▶ [RECORDED DATA]

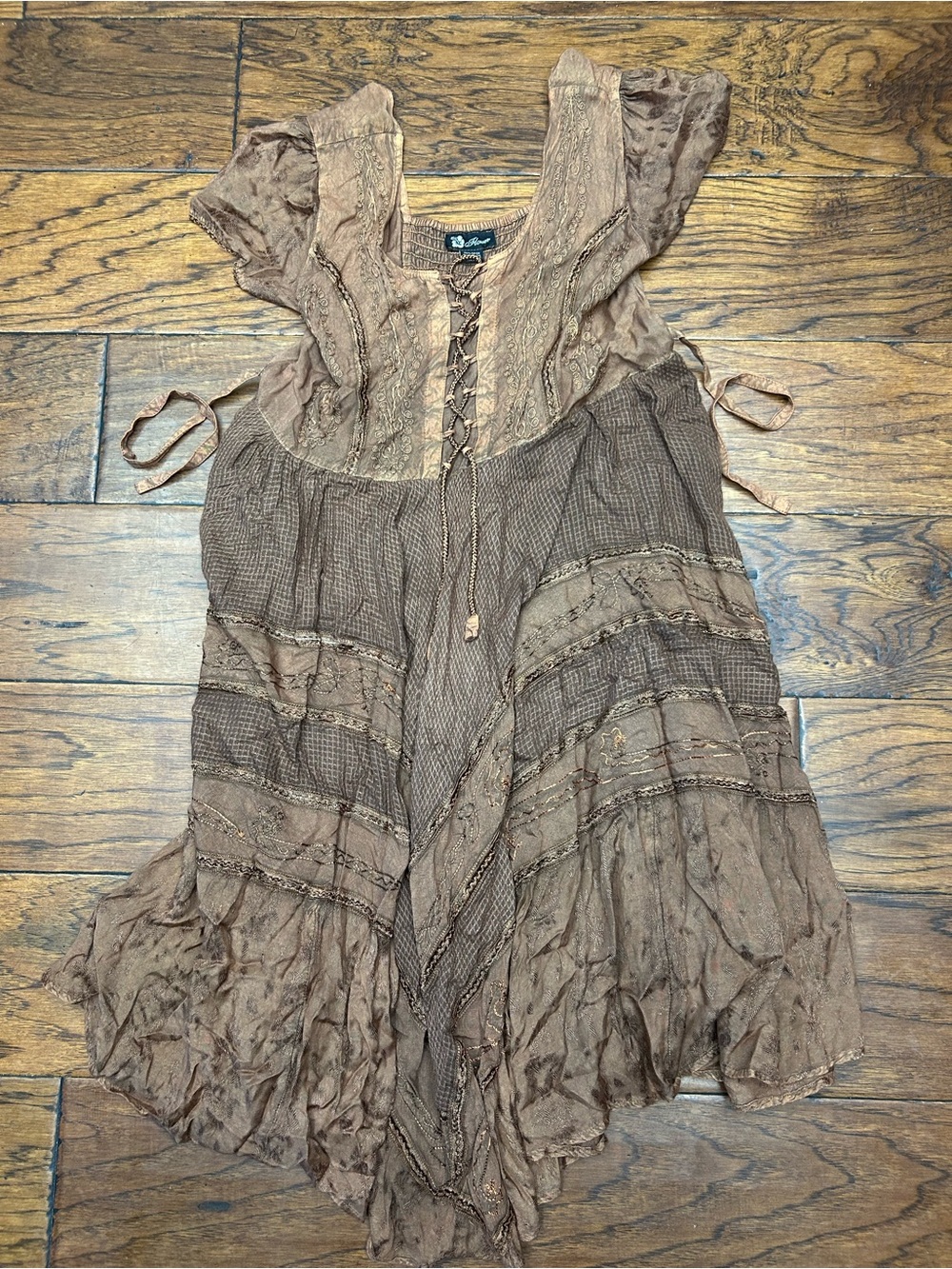 🌺Flower Earthy Brown Boho Lace-Up Women's Tunic
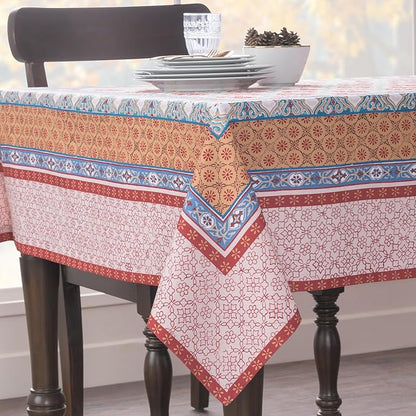 Maison d' Hermine Table Cloth Rectangle Table 100% Cotton 60 x 90 Inches Fall Tablecloth Reusable Everyday Use for Thanksgiving Christmas Decorations Dining Farmhouse Party (Romane)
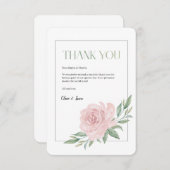 Floral Elegant Wedding Thank You Card Bedankkaart (Voorkant / Achterkant)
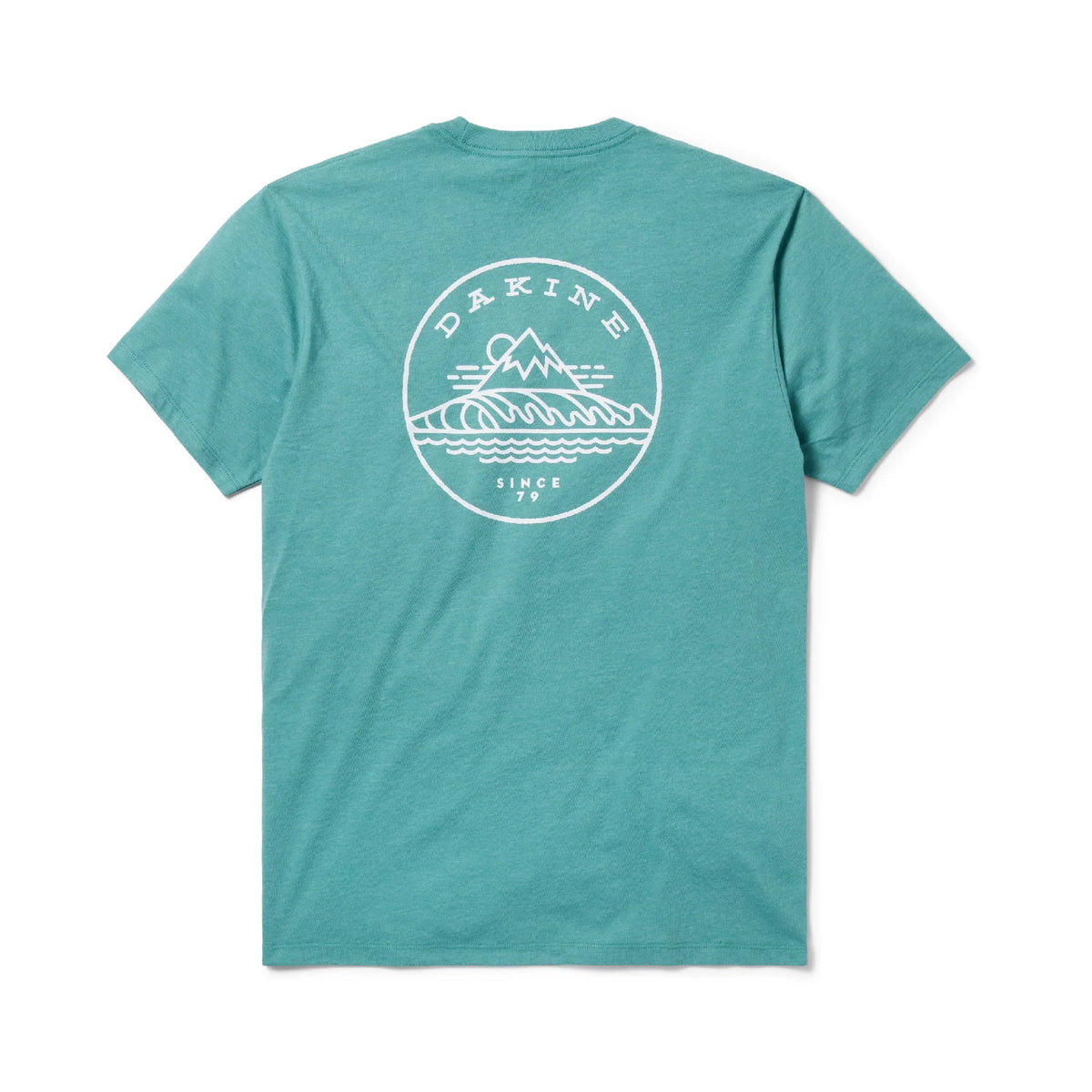 Teal t-shirt with white graphic and 'Dakine' branding on a white background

▶ [WORK TO COMPLETE] Exactly as written, return each line above and leave the pictures behind.

▶ [EXPECTED OUTPUT]
 🌺Flower Earthy Brown Boho Lace-Up Women's Tunic
 Maison d' Hermine Table Cloth Rectangle Table 100% Cotton 60 x 90 Inches Fall Tablecloth Reusable Everyday Use for Thanksgiving Christmas Decorations Dining Farmhouse Party (Romane)
 Floral Elegant Wedding Thank You Card Bedankkaart (Voorkant / Achterkant)
 Teal t-shirt with white graphic and 'Dakine' branding on a white background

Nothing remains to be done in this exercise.